Three cases challenge the balance between Liberty and Security
In a fascist country, the leader decides which individuals are enemies of the state, and deals with them as he sees fit. Since 9/11, President Bush has claimed similar powers, but has used them sparingly. Two American citizens, Yaser Hamdi and Jose Padilla, have been declared “enemy combatants” and held incommunicado for more than two years without any criminal charges filed against them. And more than six hundred non-Americans captured during the Afghan War have been held in military detention at the naval base in Guantanamo Bay. The administration has resisted any effort to define their legal status; they are neither criminals nor prisoners of war, and they have not received a hearing in either military or civilian court. It has been unclear what rights they have, or how they would protest an abuse of those rights.
So far, the administration has avoided blatant abuses of these powers. President Bush has not, for example, declared John Kerry (or any other critic or political opponent) to be an enemy of the United States. But under the legal theories put forward by his subordinates, it is unclear what – other than his good nature – would prevent him from doing so.

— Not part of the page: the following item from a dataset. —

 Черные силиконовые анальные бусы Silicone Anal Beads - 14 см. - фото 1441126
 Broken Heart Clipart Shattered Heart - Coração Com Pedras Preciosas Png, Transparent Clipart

In the Massachusetts Declaration of Rights, John Adams envisioned “a government of laws, and not of men.” Because our founders distrusted executive power, they set up a system of checks and balances rather than relying on the good character of the President. So it was inevitable that cases testing President Bush’s powers would eventually arrive on the doorstep of the Supreme Court. The first three such cases arrived this spring, and the Court announced all three decisions simultaneously on Monday, June 28.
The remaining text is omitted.